How do you give negative feedback to amazon personalize? i.e. tell personalize that a user doesn't really like a certain item? - amazon-web-services

I did the amazon personalize deep dive series on youtube. At the timestamp 8:33 in the video, it was mentioned that 'Personalize does not understand negative feedback.' and that any interaction you submit is assumed to be a positive one.
But I think that giving negative feedback could improve the recommendations that we give on a whole. Personalize knowing that a user does not like a given item 'A' would help ensure that it does not recommend items similar to 'A' in the future.
Is there any way in which we can give negative feedback(ex. user doesn't like items x,y,z) to amazon personalize?
A possible way to give negative feedback that I thought of:
Let's say users can give ratings out of 5 for movies. Every time a user gives a rating >= 3 in the interactions dataset, we add an additional interaction in the dataset (i.e we have two interactions saying that a user rated a movie >=3 in the interactions.csv instead of just one). However, if he gives a rating <=2 (meaning he probably doesn't like the movie), we just keep the single interaction of that in the interactions dataset (i.e. we only have one interaction saying that a user rated a movie <=2 in the interactions.csv file)
Would this in any way help to convey to personalize that ratings <=2
are not as important/that the user did not like them?
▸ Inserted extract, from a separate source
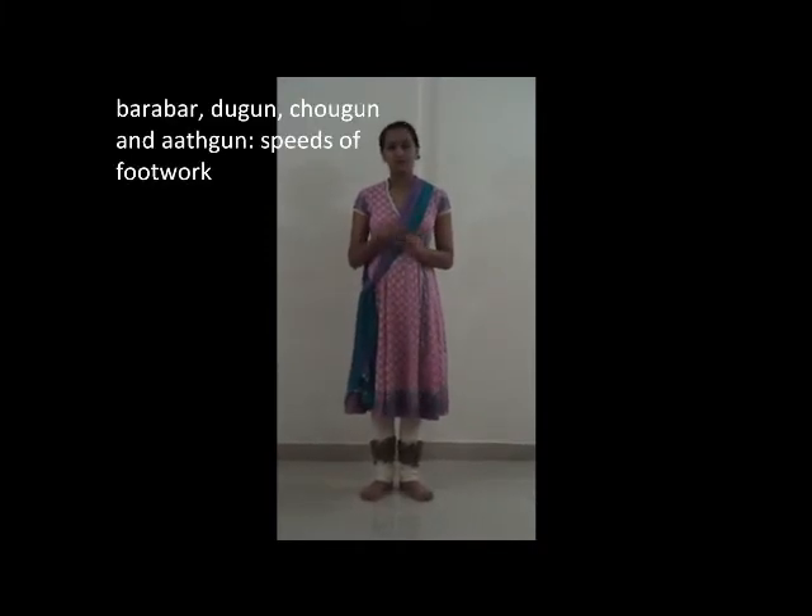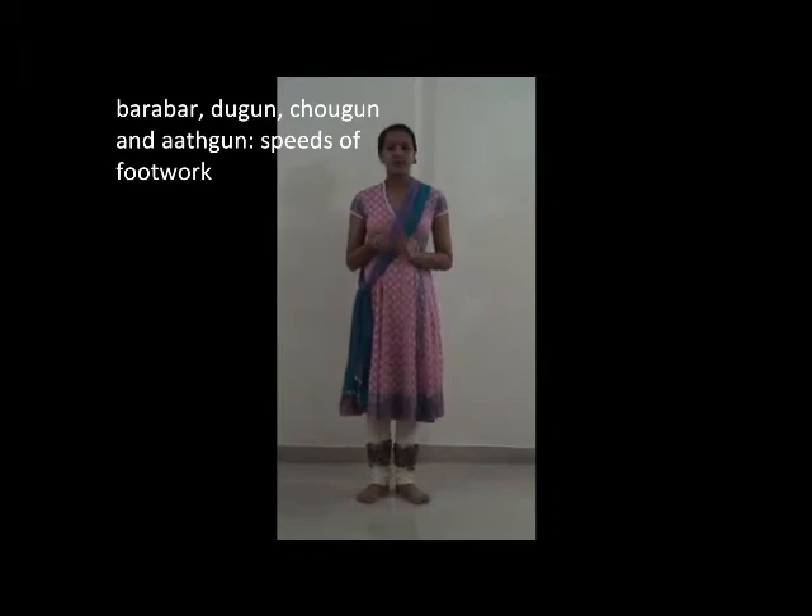The first thing I will be teaching you today is the basic footwork called Tatkar. Tatkar is done in four speeds: Barabar, Dugun, Chogun, and Atgun. Barabar is the first speed and also the slowest, with only one foot per beat. Dugun is the second with two feet per beat. Chogun with four feet per beat, and the fastest, Atgun, with eight feet per beat.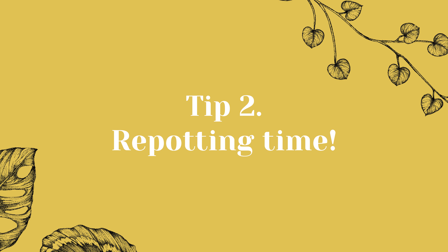By cleaning your houseplant leaves from time to time, you can help them look their best and promote healthy growth. That's exactly what we want, right? Tip 2: Repotting time.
Negative feedback, where the user explicitly indicates that they dislike an item, is currently not supported as training input for Amazon Personalize. Furthermore, there is currently no way to add weight/reward to specific interactions by event type or event value (see this answer for details).
With that said, you can use impressions with your interactions to indicate items that were seen by the user but that they chose not to interact with. Impressions are only supported by the User-Personalization recipe. From the docs:
Unlike other recipes, which solely use positive interactions (clicking, watching, or purchasing), the User-Personalization recipe can also use impressions data. Impressions are lists of items that were visible to a user when they interacted with (clicked, watched, purchased, and so on) a particular item.
Using this information, a solution created with the User-Personalization recipe can calculate the suitability of new items based on how frequently an item has been ignored, and change recommendations accordingly. For more information see Impressions data.
Impressions are not the same as an explicitly negative interaction but they do imply that the impressed items were considered less relevant/important to the user than the item that they chose to interact with.
Another approach that can be used to consider negative interactions when making recommendations is to have two event types: one event type for positive intent (e.g., "like", "watch", or "purchase") and one event type for dislike (e.g., "dislike"). Then create a Personalize solution that only trains on the positive event type. Finally, at inference time, use a Personalize filter to exclude items that the user has recently disliked.
EXCLUDE ItemID WHERE Interactions.EVENT_TYPE IN ("dislike")
In this case, Personalize is still training only on positive interactions but with the filter you won't recommend items that the user disliked.

Related

Amazon Personalize different Event Types have different Importance

I'm developing a recommendation engine using Amazon Personalize, and found that in interaction dataset, we can input different EVENT_TYPE and corresponding EVENT_VALUE.
If I build the model with two event types (like purchase & click), can I say I can make the model training understand that purchase event is more important(indicate stronger interaction) than click event by setting EVENT_VALUE of purchase to 10, and EVENT_VALUE of click to 3 in the interaction dataset, and perform the model training that way?
Short answer
No - Personalize don't care about EVENT_VALUE for calculating recommendations.
The use of event value
In general, Personalize doesn't include event value during training of the model. It's simply ignored.
However you can use it for implementing your own logic. For example, you can provide Event value threshold during the Solution creation:
This value threshold will be used to determine, if given interaction should be ignored, during Solution training. For example, if event value is percentage progress of watching a video, then having a threshold of 0.9 will make sure, than interactions included during the training, were about fully watching the video.
The use of event type
As you can see on the picture above, you can specify the event type itself, so the given solution will ignore all of the interactions, that doesn't match event type. It might be helpful in some cases.
Event type can be also used in Filters option, which was added a few months ago. It might be helpful to filter out the Items, that User already fully watched or bought, examples:
EXCLUDE itemId WHERE INTERACTIONS.event_type in ("fully_watched")
EXCLUDE itemId WHERE INTERACTIONS.event_type in ("purchased")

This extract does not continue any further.